7. Digital transformation
The pandemic has created an urgency to shift from traditional banking and lending arrangements to digital models. To cope with the rising consumer demands, complex regulatory environment and growing cost of operations, financial institutions have begun refashioning their arrangements to digital infrastructure. In the highly erratic lending and borrowing climate, lenders globally will stiffen their underwriting and monitoring practices. This in turn will lead to improving credit decisions, borrower level monitoring, due diligence and measuring operational risks and flexibility. However, this entails crowdsourced aggregation of real-time data and its accurate evaluation. Therefore, more banks and lending institutions are turning to Artificial Intelligence (AI) for accurate predictive analytics and translation of unstructured data into more meaningful insights and automated credit scoring. Gartner reports, 75% of companies will shift from piloting to deploying AI-based technologies by 2024. As a result, they will see a 5x increase in streaming data and analytics infrastructure.
Moreover, the number of new-age Fintech players are growing with a reliant customer base in the Small and medium-sized (SME) businesses.

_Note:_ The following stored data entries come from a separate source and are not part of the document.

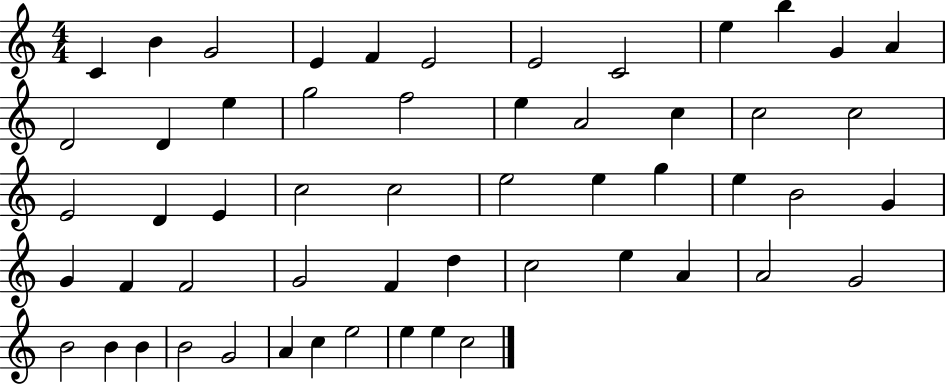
{
  \clef treble
  \numericTimeSignature
  \time 4/4
  \key c \major
  c'4 b'4 g'2 | e'4 f'4 e'2 | e'2 c'2 | e''4 b''4 g'4 a'4 | \break d'2 d'4 e''4 | g''2 f''2 | e''4 a'2 c''4 | c''2 c''2 | \break e'2 d'4 e'4 | c''2 c''2 | e''2 e''4 g''4 | e''4 b'2 g'4 | \break g'4 f'4 f'2 | g'2 f'4 d''4 | c''2 e''4 a'4 | a'2 g'2 | \break b'2 b'4 b'4 | b'2 g'2 | a'4 c''4 e''2 | e''4 e''4 c''2 | \break \bar "|."
}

In order to compete with them and capturing the SME demand, banks are adopting digital lending platforms. The need to deliver quality, frictionless client experience is driving the adoption of automation.

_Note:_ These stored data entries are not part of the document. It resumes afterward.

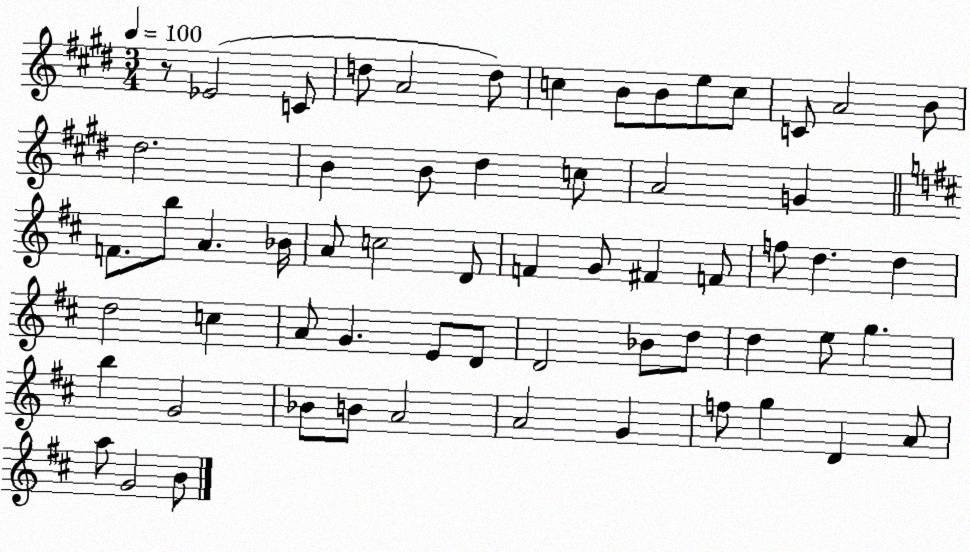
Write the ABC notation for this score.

X:1
T:Untitled
M:3/4
L:1/4
K:E
z/2 _E2 C/2 d/2 A2 d/2 c B/2 B/2 e/2 c/2 C/2 A2 B/2 ^d2 B B/2 ^d c/2 A2 G F/2 b/2 A _B/4 A/2 c2 D/2 F G/2 ^F F/2 f/2 d d d2 c A/2 G E/2 D/2 D2 _B/2 d/2 d e/2 g b G2 _B/2 B/2 A2 A2 G f/2 g D A/2 a/2 G2 B/2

Further, combining automation to front-office operations will improve client experience. In addition to this, it will improve front-office efficiency, reduce costs and increase scalability.
Overall, banks encountered the pandemic crisis in good financial positions, with abundant liquidity and capital. Therefore, they expanded their commercial lending radius. However, Government-mandated stimulus and commercial real estate trends did play a major role in reshaping the standards of commercial lending during COVID-19. Banks were cautious with new lendings and it required significant shifts in the size and composition of bank loan portfolios and implementation of digital innovations. Thus it will be safe to say that financial institutions including both large and small banks played a crucial role in providing commercial credit during these demanding times.